Wirtschaft

Geldpolitik zeigt schwache Wirkung EZB misst steigende Kreditvergabe

Steuert den umfangreichsten Markteingriff in der Geschichte der Gemeinschaftswährung: EZB-Chef Mario Draghi.

Steuert den umfangreichsten Markteingriff in der Geschichte der Gemeinschaftswährung: EZB-Chef Mario Draghi.

(Foto: REUTERS)

Die Schleusen sind offen, die Stellschrauben fast am Anschlag: Seit Monaten pumpen die Währungshüter mit aller Macht Geld in den gemeinsamen europäischen Währungsraum. Die Kennzahlen setzen sich jedoch nur sehr langsam in Bewegung.

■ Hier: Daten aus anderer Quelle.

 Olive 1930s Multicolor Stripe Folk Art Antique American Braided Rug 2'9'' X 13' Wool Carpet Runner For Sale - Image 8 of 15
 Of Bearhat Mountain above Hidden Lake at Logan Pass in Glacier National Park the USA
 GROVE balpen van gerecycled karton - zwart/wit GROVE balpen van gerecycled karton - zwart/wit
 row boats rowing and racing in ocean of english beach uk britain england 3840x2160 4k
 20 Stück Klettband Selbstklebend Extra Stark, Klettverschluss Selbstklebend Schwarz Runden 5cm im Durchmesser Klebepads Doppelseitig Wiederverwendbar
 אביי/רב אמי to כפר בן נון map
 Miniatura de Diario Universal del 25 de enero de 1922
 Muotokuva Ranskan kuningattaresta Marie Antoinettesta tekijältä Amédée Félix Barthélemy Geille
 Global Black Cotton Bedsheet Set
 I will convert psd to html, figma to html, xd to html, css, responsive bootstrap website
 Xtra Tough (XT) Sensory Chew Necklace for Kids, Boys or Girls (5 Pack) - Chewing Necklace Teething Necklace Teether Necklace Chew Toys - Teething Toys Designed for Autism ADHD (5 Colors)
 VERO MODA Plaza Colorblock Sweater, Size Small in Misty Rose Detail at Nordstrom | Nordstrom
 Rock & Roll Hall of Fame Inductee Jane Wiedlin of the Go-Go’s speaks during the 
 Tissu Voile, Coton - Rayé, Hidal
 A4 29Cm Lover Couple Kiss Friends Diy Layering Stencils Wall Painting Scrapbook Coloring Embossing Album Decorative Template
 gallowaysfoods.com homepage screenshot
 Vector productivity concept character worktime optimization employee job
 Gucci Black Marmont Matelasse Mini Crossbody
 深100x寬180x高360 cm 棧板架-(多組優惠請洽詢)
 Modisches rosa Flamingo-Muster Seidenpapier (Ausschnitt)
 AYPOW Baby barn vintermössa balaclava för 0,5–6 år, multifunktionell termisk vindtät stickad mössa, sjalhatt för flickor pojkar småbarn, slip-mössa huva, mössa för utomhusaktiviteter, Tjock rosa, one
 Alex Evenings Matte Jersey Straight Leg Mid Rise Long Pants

Die massive Geldflut der Europäischen Zentralbank (EZB) treibt die Kreditvergabe der Banken im Euro-Raum langsamer an als erwartet. Die Institute vergaben im August 1,0 Prozent mehr Darlehen an private Kunden als ein Jahr zuvor, wie die EZB mitteilte. Experten hatten allerdings mit einem etwas stärkeren Plus von 1,1 Prozent gerechnet.

Zum Vergleich: Im Juli lag der Zuwachs bei 0,9 Prozent. Die Notenbank kauft seit März Anleihen in großen Stil und will bis Herbst 2016 Bonds im Wert von 1,14 Billionen Euro in ihre Bücher nehmen. Mit der Geldschwemme will EZB-Präsident Mario Draghi Staatsanleihen für Banken unattraktiv machen und die Institute so dazu anregen, mehr Kredite zu vergeben.

Geringes Inflationsrisiko?

Die für den Währungsraum wichtige Geldmenge M3 wuchs im September um 4,8 Prozent. Experten hatten mit einem Anstieg von 5,3 Prozent gerechnet. Die Geldmenge M3 umfasst unter anderem Bargeld, Einlagen auf Girokonten, kurzfristige Geldmarktpapiere sowie Schuldverschreibungen mit bis zu zwei Jahren Laufzeit.

Steigt M3 stark an, gilt dies als ein Signal für zunehmende Inflationsrisiken. Zurzeit besteht diese Gefahr aber nicht, denn die Teuerung in der Eurozone lag im August bei nur 0,1 Prozent. Stabile Preise sehen die Währungshüter bei einer Inflation von knapp unter 2,0 Prozent gewährleistet, weil dieser Wert als ideal für die Wirtschaftsentwicklung gilt - und vor allem genügend Raum nach unten lässt. Denn so viel ist sicher: Fallende Preise treffen einen Währungsraum härter als eine milde Inflation.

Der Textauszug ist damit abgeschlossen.